Smoke and flashing lights, dancing girls in white go-go boots -- the world's top automakers put on dazzling shows Tuesday as they wooed Chinese buyers with their latest models.

But for all the flash at this year's Guangzhou Auto Show, automakers face a dimmer outlook for global sales, even here in the world's second-largest vehicle market.

Just as General Motors Corp. and other manufacturers are desperately looking to emerging markets to compensate for falling sales in the U.S., Europe and Japan, potential car buyers in China, Russia and other once sizzling markets are pulling back.

With the economy slowing in China, people are worried about their pay and job security.
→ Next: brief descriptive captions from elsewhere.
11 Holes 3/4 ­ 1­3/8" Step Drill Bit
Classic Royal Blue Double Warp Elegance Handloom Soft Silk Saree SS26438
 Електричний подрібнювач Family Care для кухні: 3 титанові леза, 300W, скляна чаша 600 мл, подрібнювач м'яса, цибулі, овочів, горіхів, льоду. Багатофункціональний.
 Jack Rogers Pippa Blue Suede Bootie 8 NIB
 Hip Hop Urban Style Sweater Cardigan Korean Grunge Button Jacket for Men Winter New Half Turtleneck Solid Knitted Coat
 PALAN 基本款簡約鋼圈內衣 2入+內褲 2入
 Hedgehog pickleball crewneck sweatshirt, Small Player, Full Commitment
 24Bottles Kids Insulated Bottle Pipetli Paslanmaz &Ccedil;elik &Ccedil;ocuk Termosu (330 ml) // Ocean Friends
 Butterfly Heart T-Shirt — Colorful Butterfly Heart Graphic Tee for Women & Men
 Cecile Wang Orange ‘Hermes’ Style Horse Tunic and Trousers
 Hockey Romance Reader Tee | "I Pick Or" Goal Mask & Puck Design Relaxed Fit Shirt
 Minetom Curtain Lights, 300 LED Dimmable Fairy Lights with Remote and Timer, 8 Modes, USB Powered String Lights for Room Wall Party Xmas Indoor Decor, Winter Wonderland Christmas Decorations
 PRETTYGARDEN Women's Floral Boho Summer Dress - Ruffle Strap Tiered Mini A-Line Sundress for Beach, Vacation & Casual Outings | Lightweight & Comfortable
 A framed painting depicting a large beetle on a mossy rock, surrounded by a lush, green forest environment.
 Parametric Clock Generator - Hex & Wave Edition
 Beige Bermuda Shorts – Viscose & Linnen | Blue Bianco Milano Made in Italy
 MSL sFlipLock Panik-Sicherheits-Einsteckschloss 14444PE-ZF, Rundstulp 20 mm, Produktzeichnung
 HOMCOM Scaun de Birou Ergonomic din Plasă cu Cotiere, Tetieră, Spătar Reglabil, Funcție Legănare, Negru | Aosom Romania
News about the global financial crisis and plunging markets is also undermining consumer confidence.

"I was planing to buy a Lavida two months ago, but now have just changed my mind," said Yang Hong, a senior manager for an audio equipment company in Shanghai, referring to a popular China-market model made by Volkswagen.

"It's not that I can't afford it, but I think it's not so necessary, so I can wait until next year," Yang said.

The big automakers' ability to weather the crisis hinges on drawing jittery customers like Yang back into dealerships, especially in China.

The urgency is particularly acute for America's big automakers -- GM, Ford Motor Co. and Chrysler LLC -- which have been battered by the U.S. economic meltdown and are lobbying the federal government for a $25 billion bailout that looks increasingly murky. GM has said it could run out of cash by year's end without government aid.

"We have to recognize that the U.S. is where the problem is now. We're growing in these other areas," said Robert Socia, vice president of Shanghai General Motors, one of GM's eight joint ventures in China. He spoke on the sidelines of the Guangzhou Auto Show.

While the company's worldwide sales fell 11 percent in the third-quarter, many developing country markets were still growing at double-digit rates: 15.1 percent in Russia, 15.5 percent in Brazil, 12 percent in China. India grew at a more modest 5 percent.

Sales outside North America accounted for 61 percent of GM's total revenues in the third-quarter of this year, up from 56 percent a year earlier.

Rival Ford is likewise looking to China for growth -- 30 percent in 2007 -- it can't expect to find back home.

"We're serious about this market. It's becoming really big and influential," said Nigel Harris, general manager for sales at Changan Ford Mazda Automobile Co., a joint venture in China.

Ditto for German automaker Volkswagen AG, whose sales through its numerous units and joint ventures climbed nearly 13 percent in January-October to 853,800.

China's total auto sales rose 11 percent in the first 10 months of this year. That's robust compared with the contractions in the U.S., Europe and Japan, but nowhere near the 18.5 percent increase seen last year.

Sales fell in August and September before gaining 8.37 percent in October, as controls on credit hit large car sales, while high gas prices dented purchases of economy models.

"Definitely the market now is slowing down," said Yale Zhang, a Shanghai-based analyst with CSM Worldwide. He expects sales growth to fall to single digits in 2008 for the first time this decade.

Other emerging markets are also getting hit. In Brazil, automakers are slashing production as sales plunge.

In Russia, which became Europe's biggest car market this year, dealers reportedly were turning truckloads of vehicles away, saying they have no room for them.

GM itself has invested billions of dollars in China, helping push sales there to 1.03 million units in 2007 -- a 12 percent share in a viciously competitive market.

GM introduced three models new to China on Tuesday at Guangzhou. The Buick Enclave, a luxury SUV, is exported from the U.S. The powerful Cadillac CTS-V, also U.S.-made, is designed to compete with the world's fastest sport sedans. The third vehicle, the Cruze, will be manufactured in Shanghai among other worldwide locations.

"As a major player, if you want to have further growth in the future you have to invest in this market," says Zhang of CSM in Shanghai.